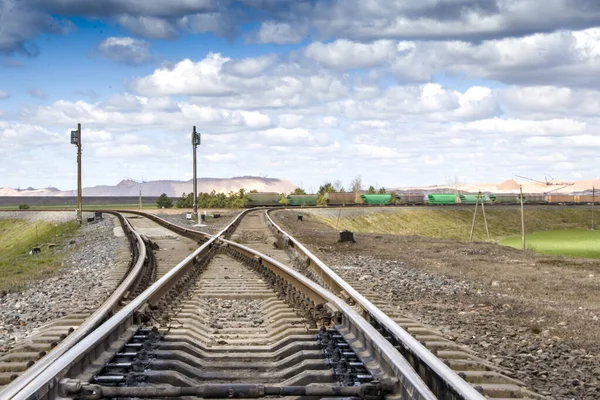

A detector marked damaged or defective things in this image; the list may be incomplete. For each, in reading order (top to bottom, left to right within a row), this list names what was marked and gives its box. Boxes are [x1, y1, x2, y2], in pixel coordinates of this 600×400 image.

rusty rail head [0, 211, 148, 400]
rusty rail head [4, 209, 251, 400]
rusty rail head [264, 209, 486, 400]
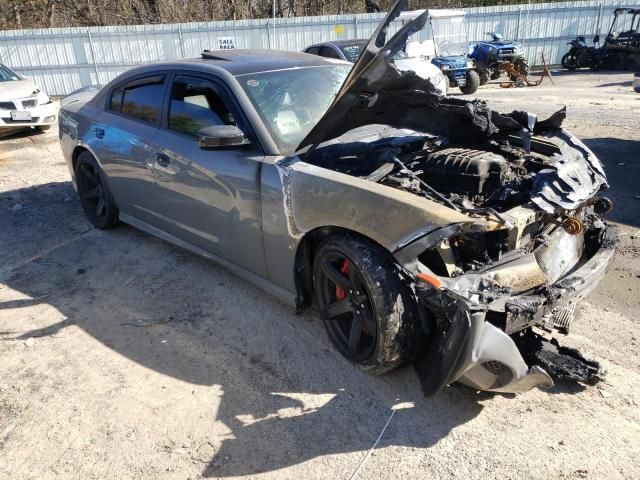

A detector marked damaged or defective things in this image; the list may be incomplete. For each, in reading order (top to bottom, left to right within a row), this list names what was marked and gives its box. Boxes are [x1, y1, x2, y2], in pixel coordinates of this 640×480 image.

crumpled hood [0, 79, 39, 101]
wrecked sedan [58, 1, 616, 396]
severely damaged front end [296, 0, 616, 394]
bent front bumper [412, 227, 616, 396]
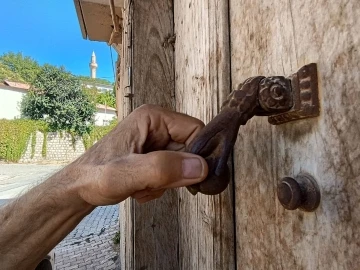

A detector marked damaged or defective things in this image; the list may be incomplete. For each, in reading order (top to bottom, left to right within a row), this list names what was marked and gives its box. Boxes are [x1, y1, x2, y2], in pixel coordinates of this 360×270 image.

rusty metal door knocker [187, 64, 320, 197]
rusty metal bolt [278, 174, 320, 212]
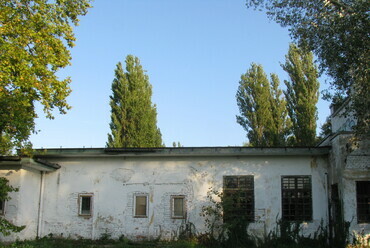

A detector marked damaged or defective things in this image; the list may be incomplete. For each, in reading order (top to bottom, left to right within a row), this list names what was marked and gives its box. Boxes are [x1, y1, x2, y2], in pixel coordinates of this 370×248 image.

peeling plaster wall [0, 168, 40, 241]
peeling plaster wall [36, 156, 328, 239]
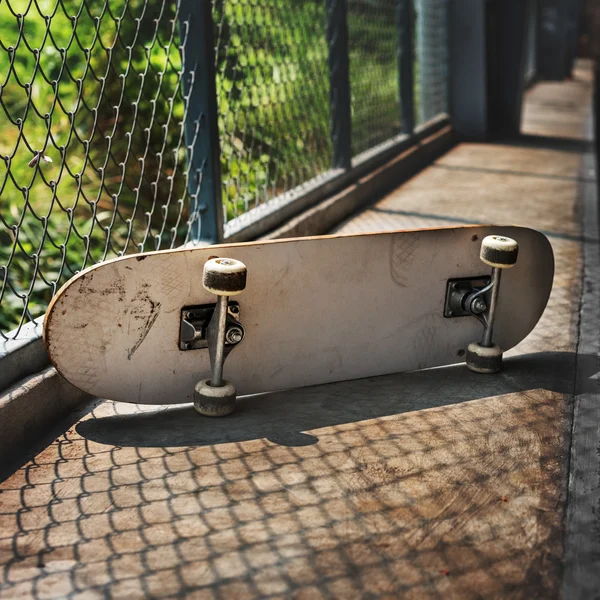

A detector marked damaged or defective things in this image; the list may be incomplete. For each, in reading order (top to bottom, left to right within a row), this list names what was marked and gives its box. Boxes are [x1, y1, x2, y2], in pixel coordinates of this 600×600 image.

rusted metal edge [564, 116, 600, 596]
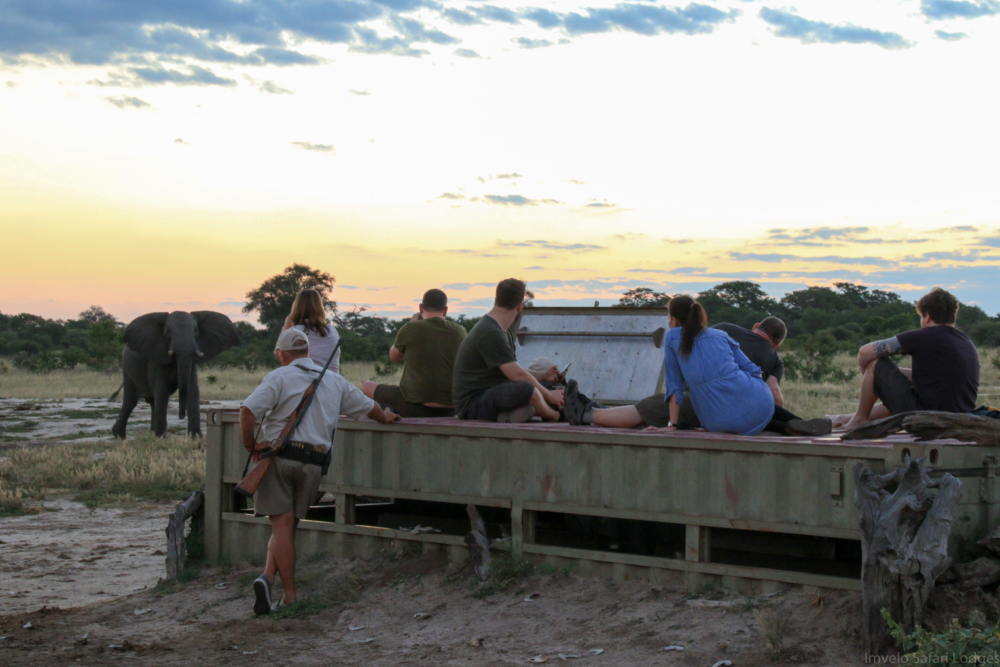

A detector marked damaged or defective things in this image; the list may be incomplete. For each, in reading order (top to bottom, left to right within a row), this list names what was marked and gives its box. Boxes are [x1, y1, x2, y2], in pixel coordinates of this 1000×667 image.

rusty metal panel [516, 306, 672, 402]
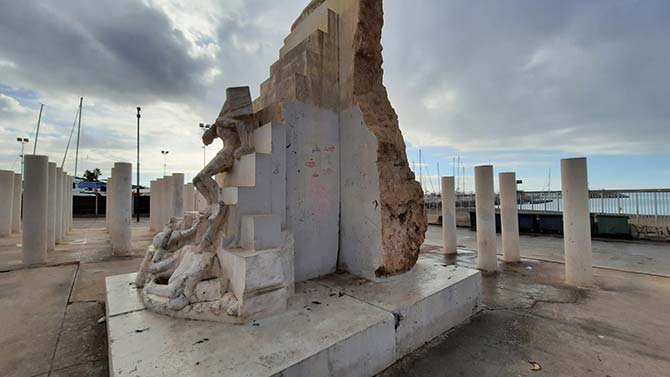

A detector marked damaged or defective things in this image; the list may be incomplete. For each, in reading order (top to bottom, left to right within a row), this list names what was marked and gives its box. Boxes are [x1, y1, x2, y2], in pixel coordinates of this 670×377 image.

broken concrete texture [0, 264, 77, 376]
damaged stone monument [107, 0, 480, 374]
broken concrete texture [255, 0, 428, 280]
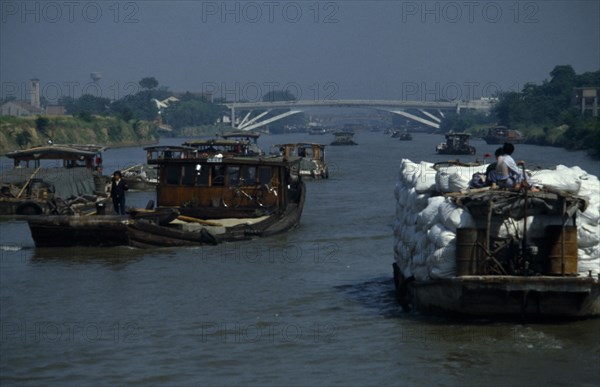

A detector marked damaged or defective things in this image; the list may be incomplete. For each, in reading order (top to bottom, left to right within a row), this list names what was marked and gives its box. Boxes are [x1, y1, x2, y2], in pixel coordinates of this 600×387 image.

---

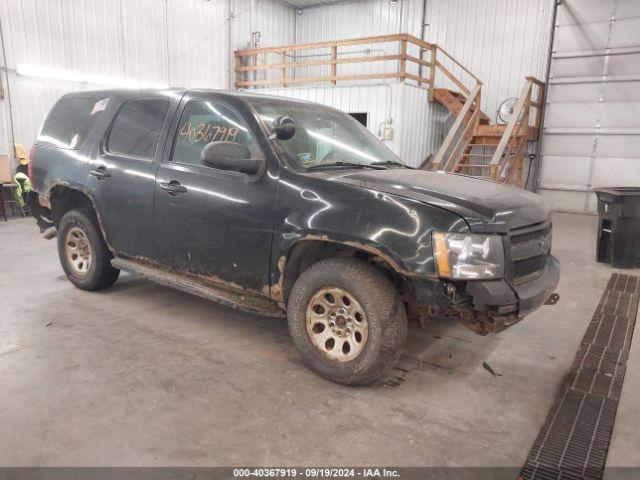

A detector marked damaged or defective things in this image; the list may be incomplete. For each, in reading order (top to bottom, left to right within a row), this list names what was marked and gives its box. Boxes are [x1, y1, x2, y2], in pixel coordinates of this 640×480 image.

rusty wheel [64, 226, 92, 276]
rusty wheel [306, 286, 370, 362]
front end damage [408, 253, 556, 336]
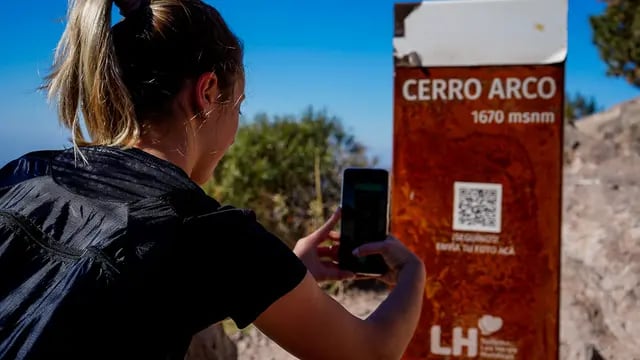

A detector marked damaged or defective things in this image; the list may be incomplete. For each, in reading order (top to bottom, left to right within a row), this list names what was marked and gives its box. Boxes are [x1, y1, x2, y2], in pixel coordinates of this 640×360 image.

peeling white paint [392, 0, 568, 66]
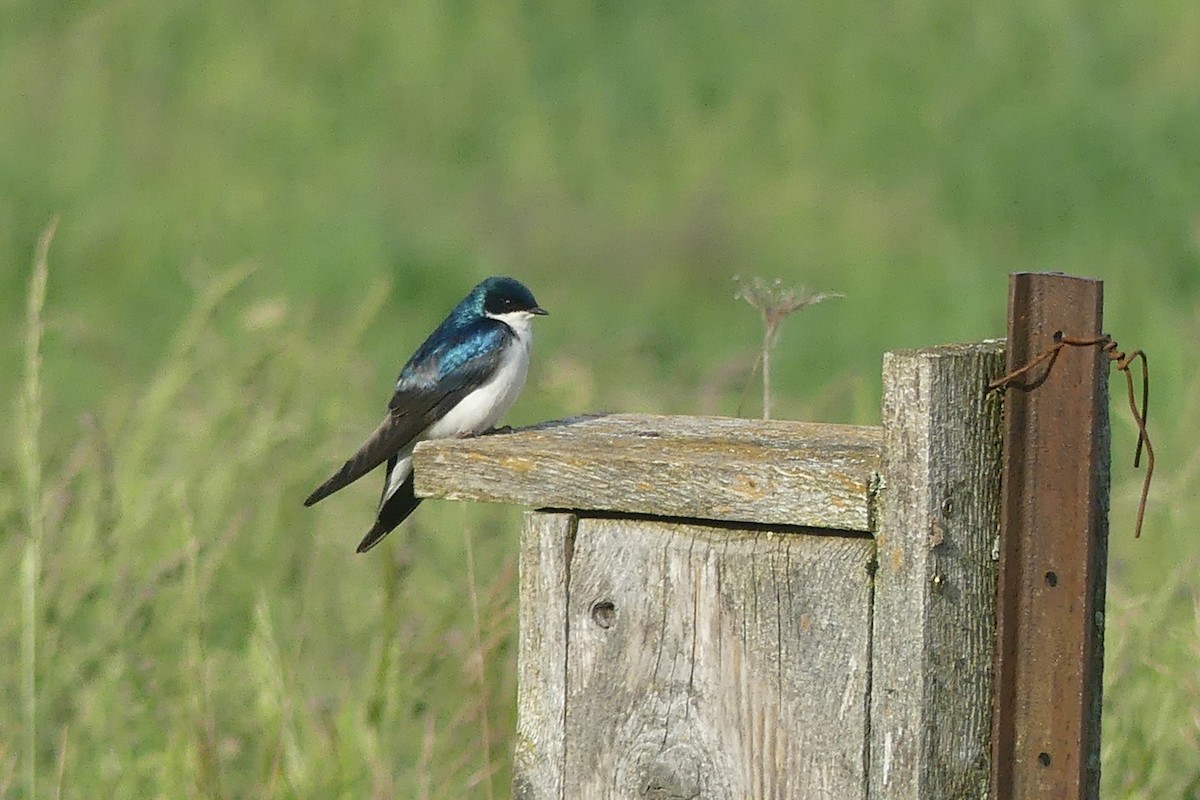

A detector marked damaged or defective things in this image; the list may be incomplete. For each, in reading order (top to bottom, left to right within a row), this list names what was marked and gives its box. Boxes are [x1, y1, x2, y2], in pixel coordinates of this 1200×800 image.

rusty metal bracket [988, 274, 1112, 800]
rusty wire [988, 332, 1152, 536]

--

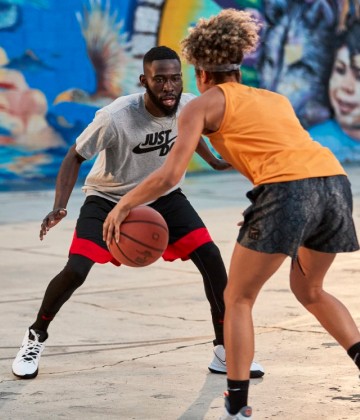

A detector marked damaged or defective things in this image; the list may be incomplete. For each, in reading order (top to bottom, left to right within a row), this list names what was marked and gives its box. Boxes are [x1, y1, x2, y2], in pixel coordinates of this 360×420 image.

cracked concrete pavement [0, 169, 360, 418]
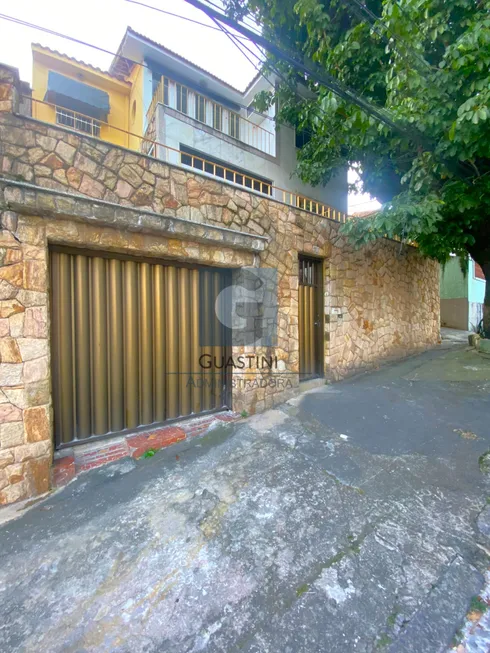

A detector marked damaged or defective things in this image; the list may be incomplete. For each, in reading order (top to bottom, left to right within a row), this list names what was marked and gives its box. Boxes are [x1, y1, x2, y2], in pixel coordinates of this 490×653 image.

Task.
The lines to set down run from the line with "this 670×377 image." up to and including the line with "this 600×387 image." in the entries above. Reproduce them exactly, with no pictures.

Exercise solution.
A detector marked damaged or defective things in this image; the list may be incomplete. For each, in reading order (top to bottom, left to right within a row), this list names what was marked and gives its box. Boxes are [x1, y1, x2, y2], in pixel coordinates of this 670×377 image.

broken concrete texture [0, 264, 77, 376]
damaged stone monument [107, 0, 480, 374]
broken concrete texture [255, 0, 428, 280]

A detector marked damaged or defective things in this image; the list may be incomplete. For each, in reading order (top to bottom, left to right within a row), this list names what was marked and gives its box. Boxes are [x1, y1, x2, y2], in pixel coordinates of this 600×387 image.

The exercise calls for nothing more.